*Task item*: Look through the data below and output, unchanged, every line from the one holding "11764 S 266th East Ave, Coweta, OK, 74429" through the one holding "perfume lattafa para mujer", inclusive. Skip the pictures.

*Entries shown*:
=====

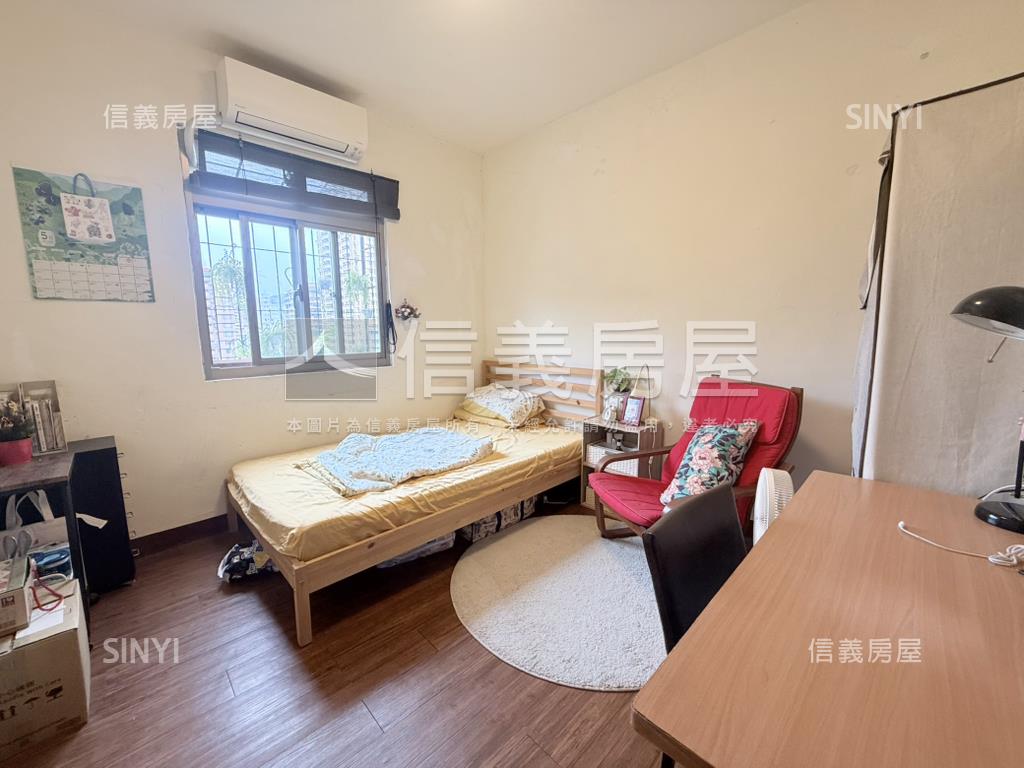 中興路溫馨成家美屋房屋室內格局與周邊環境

=====

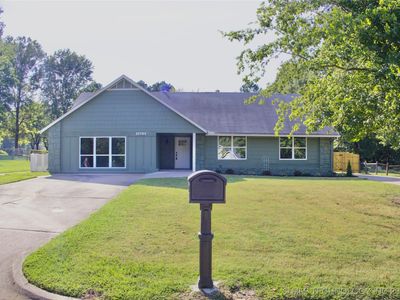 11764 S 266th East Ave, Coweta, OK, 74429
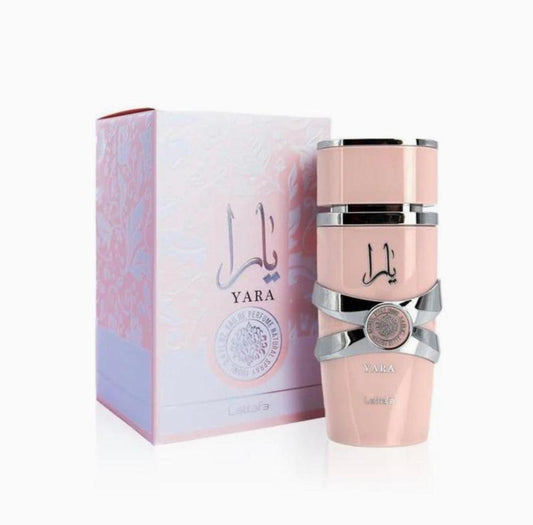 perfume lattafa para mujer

=====

*Problem solution*:
 11764 S 266th East Ave, Coweta, OK, 74429
 perfume lattafa para mujer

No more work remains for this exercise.